Como eu já disse, nas histórias sempre têm dois lados da moeda. Saí do escritório satisfeita com essa entrevista e desci para o local onde estavam os homens. Queria conversar um pouco com eles também, porque não?

— Meu nome é Edson de Melo, o que eu acho de trabalhar apenas com duas mulheres na empresa? É tranquilo. No começo não foi constrangedor, porque eu já conhecia ela. Sempre foi de boa, tendo respeito de um lado e do outro, ela é casada e eu sou casado, é como se fosse amigo. É amigo. — Declarou Edson com um sorriso no rosto falando sobre sua relação profissional com Vanessa.

— Meu nome é Osmar, tenho 38 anos, e eu acho normal trabalhar com ela.
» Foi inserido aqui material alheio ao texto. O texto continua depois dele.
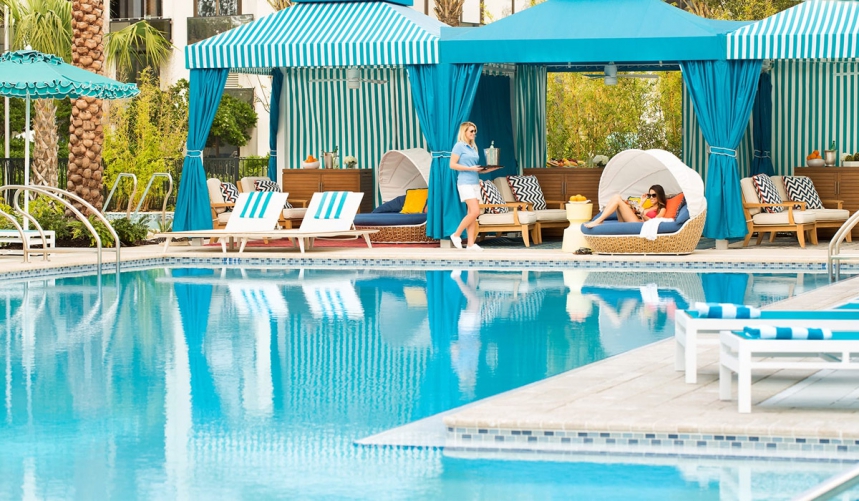 /hotelphotos/thumb-860x501-361188-Hilton Buena Vista Palace Pool Service.jpg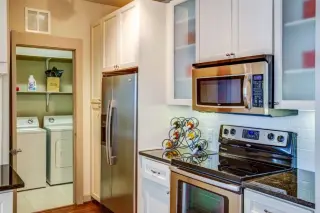 Propiedad en alquiler con 0 habitaciones y 1 baño en Austin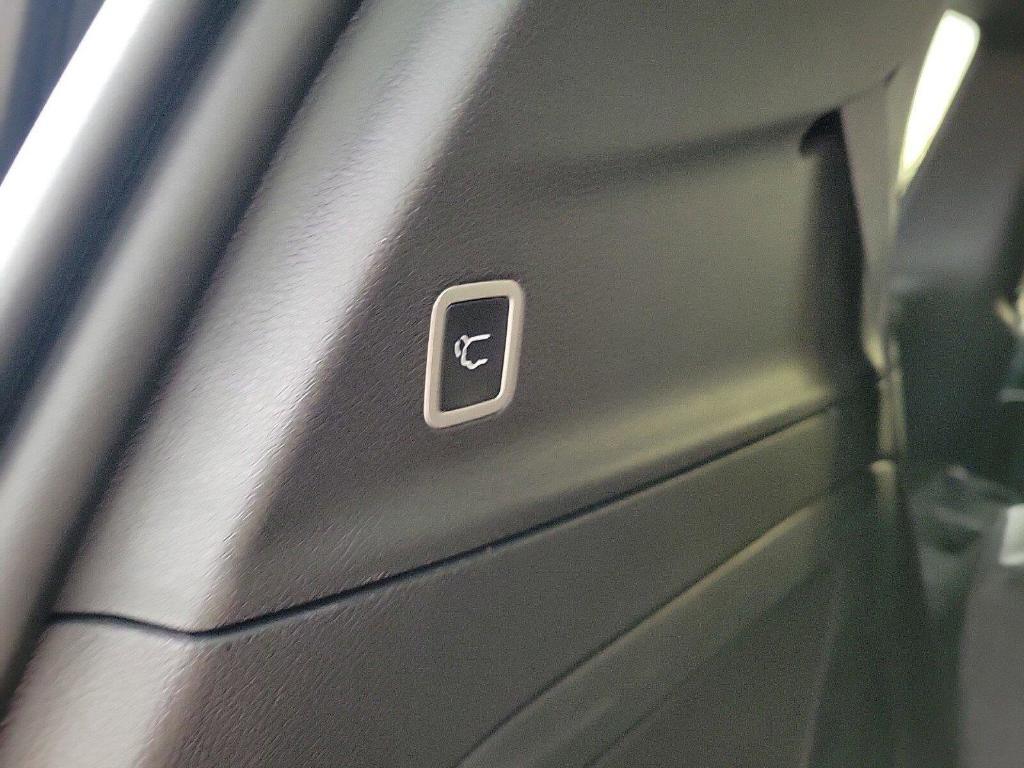 new 2025 Chrysler Pacifica Hybrid car, priced at $53,006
Ela é uma pessoa tranquila, podia ser outra pessoa também que eu ia respeitar do mesmo jeito, tem uns 18 anos que eu conheço ela.

Pergunto curiosa para Osmar, se no começo não tinha nenhum tipo de constrangimento, ou uma certa pressão por Vanessa ser a filha do patrão.
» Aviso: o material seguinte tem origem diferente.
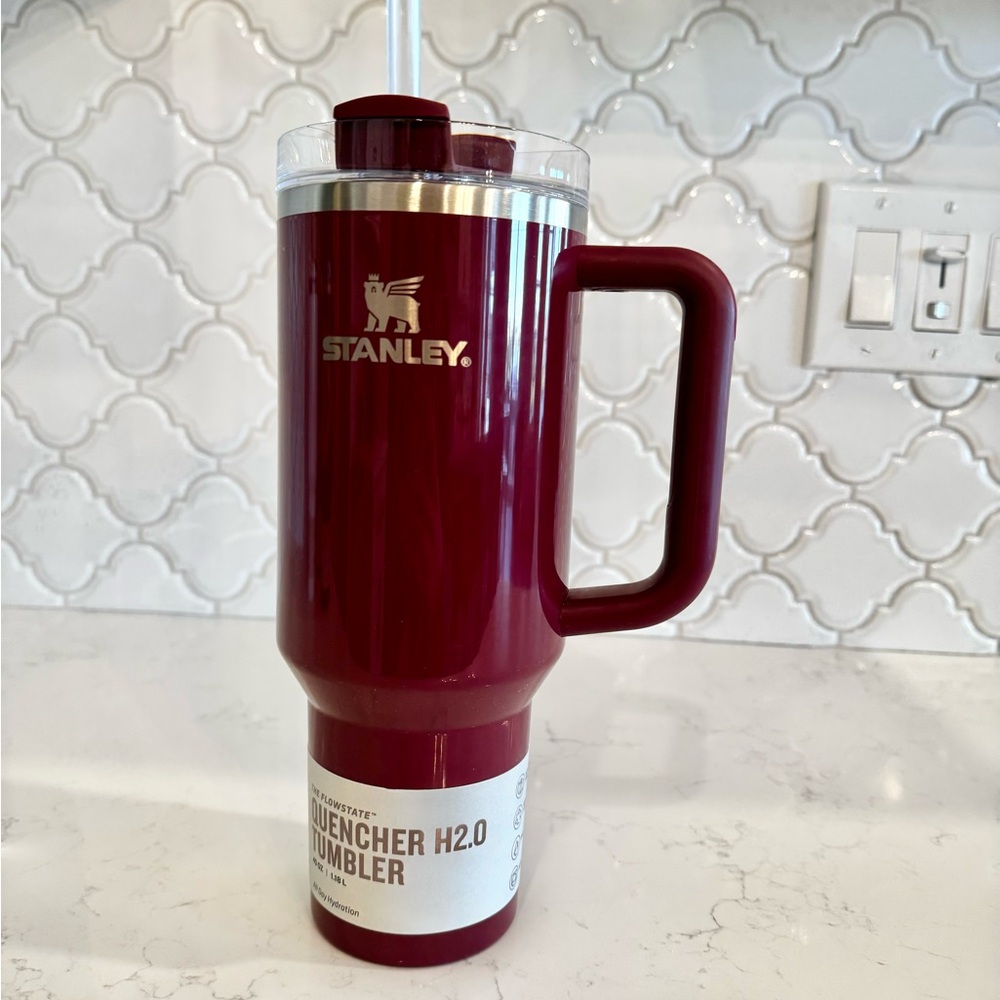 Stanley 40oz red wine/silver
— Desde quando começou até hoje, sempre foi tranquilo. Quando estamos conversando só os homens e ela chega a gente continua a conversar, não tem essa diferença, é todo mundo junto. — Ele declara para finalizar.
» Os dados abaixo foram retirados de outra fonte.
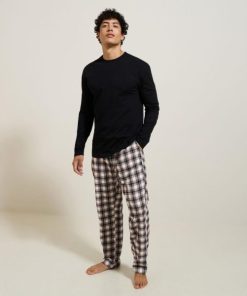 Riverstoneattire.shopd18756b259 3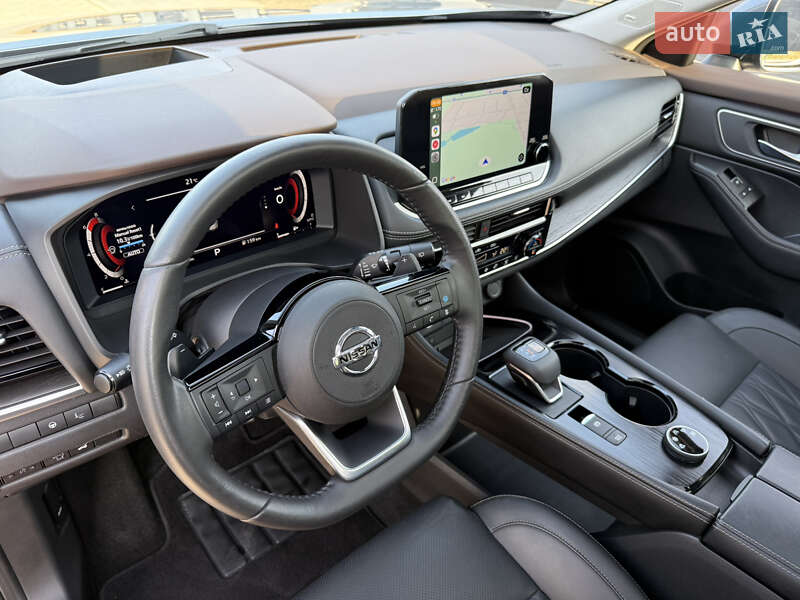 Внедорожник / Кроссовер Nissan Rogue 2023 в Днепре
Eu agradeço satisfeita. Depois do gravador desligado, brincadeiras foram feitas em off. Brincadeiras de pessoas que se conhecem a bastante tempo, que se sentem confortáveis com Vanessa para dizer, por exemplo, “na verdade eu sempre tive vontade de beijar ela”.
Dizer essas palavras no começo, poderia até ter algum tipo de desejo, ou intenção. Mas elas ditas agora, com Vanessa sorrindo e revirando os olhos para o grupo, conseguimos ver o tipo de vínculo que ela criou com o pessoal.
Um vínculo de amizade e respeito mútuo.
Se Vanessa quiser caprichar na maquiagem ela pode. E sem receio nenhum disso. Fruto da luta de uma mulher para conseguir se mostrar como igual no ambiente de trabalho.
Março, o mês que parabeniza as mulheres. Vanessa deixou um recado importante para todas as mulheres que trabalham em um ambiente predominantemente masculino…
“Bom, eu acho importante a mulher que trabalha em um local que tenha muitos homens que ela nunca baixar a cabeça, que ela nunca deixe que nenhum tipo de preconceito, nenhum tipo de machismo ultrapasse a barreira dela. Porque o machismo tem que ser individual, se a pessoa tem, é ela quem precisa rever os conceitos dela. Você não precisa de adaptar ao ambiente daquela pessoa. Então eu acredito que se você, uma mulher, que trabalha em um ambiente que tenha muitos homens, você precisa levantar a cabeça e mostrar o seu poder, a sua força, a sua vontade, a sua garra, que você tem todos os direitos assim como todos eles tem, você luta como todos eles, que você estuda que você trabalha, que você ainda além de tudo, é mulher, é esposa, é filha, é mãe, então assim, nunca baixe a cabeça, indiferente do local, a quantidade de homens ou de mulheres que tiver, sempre mostrar sua força e sua garra, para que ninguém pise em cima de nós”.
A Faruk Doces Árabes deseja um lindo e feliz Dia da Mulher para todas a mulheres!